Draft Blog Entries

% fortune -ae paul murphy

From Chapter one: Data Processing and the IBM Mainframe

This is the 7th excerpt from the second book in the Defen series: BIT: Business Information Technology: Foundations, Infrastructure, and Culture

Note that the section this is taken from, on the evolution of the data processing culture, includes numerous illustrations and note tables omitted here.

Roots (Part five: CICS/IMS and SDM)

One problem in particular seemed to bedevil customers trying to develop their own new systems: keeping some card images in memory while retrieving the out-of-order information from disk needed to complete their processing without also stopping all other processing while waiting for disk response.

In this kind of application it was the card ordering, specifically the inability to presort records, that created the most difficulty. Think back to the earlier example involving processing medical claims and notice that efficiency there depended on having the records arrive in a known order. In an on-line query environment, however, you can't predict the order in which data will be needed and therefore need the ability to store some data in memory while getting other information from disk.

In effect the process:

Read some cards
Determine there's missing information
Issue a request to the disk handler to get that information
Park the cards in memory
Read some other cards
Process them until
The disk handler announces availability of the missing information
Park the current cards in memory
Fnish processing the first set and write them out
Take up the second set again

came up for hundreds of customers, most of whom were defeated by the complexities involving in doing this effectively in environments where you could get multiple waits and multiple interrupts.

For example, several IBM customers in the utilities billing segment wanted to use terminals (teletypes; the 327X CRT (monitor) didn't appear until 1972) to allow customer account look-up but, of course, lookups couldn't be sorted in advance and so incurred this problem.

In response IBM developed a sample application to demonstrate how software could be built to address this need.

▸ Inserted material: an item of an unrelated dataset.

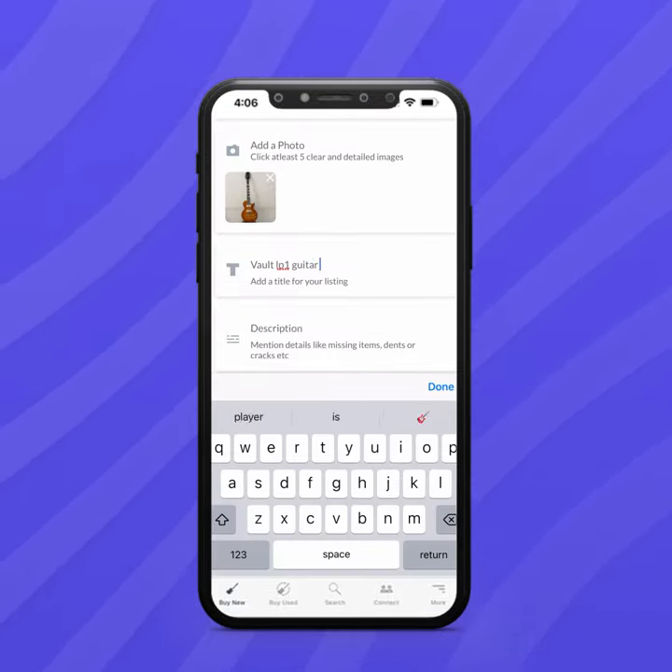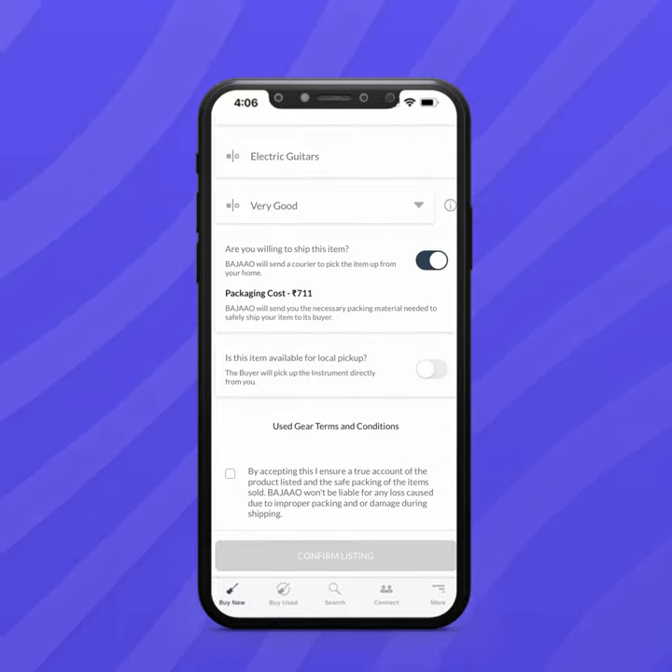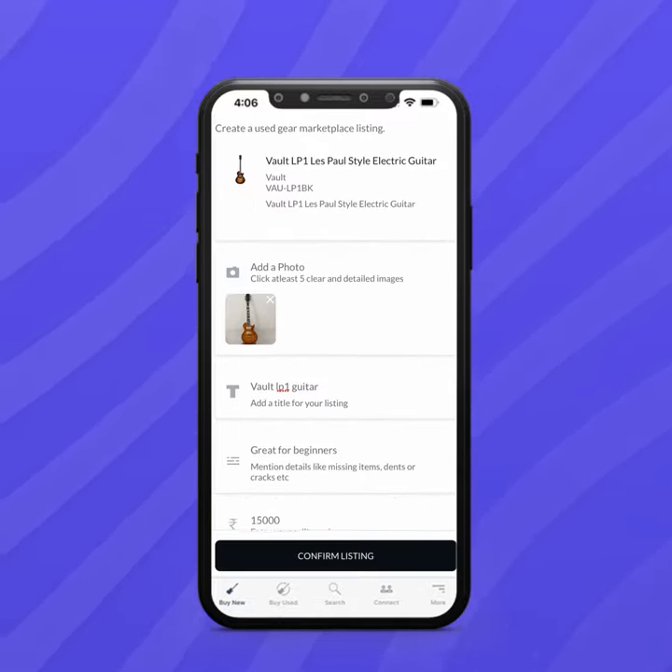Add karo accurate product details and photos. Choose karo shipping by Bajao. Your gear is now ready to sell.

Originally called "Public Utility Customer Information Control System," this quickly became known as CICS (Customer Information Control System) and was later transformed into one of the primary support pillars of mainframe processing.

CICS was one of three products (the others were GIS and IMS) used to launch IBM Program Products, the commercial software business spawned when IBM separated Engineering Support from Software Support in June of 1969.

Hierarchal databases

In MS-DOS and early versions of Windows, files were organized in directories and they are still shown that way today.
Thus:
c:\windows\office\myfiles
is a hierarchy that lets you find your files in the "myfiles" directory.
In a hierarchal database such as an early PC file system each directory can contain a number of "child" directories - c:\windows\office typically contains at least a dozen subdirectories and hundreds of files.
Your "myfiles" directory can, similarly, contain many "child" records but it, like all directories, can only have one parent, or source directory - in this case "office".
That's the essence of the hierarchal database: parent records can have many child records but a child record can have only one parent.
The point of this is query efficiency. Since you can pre-define the path to any record, the computer need not spend memory or CPU resources on this task.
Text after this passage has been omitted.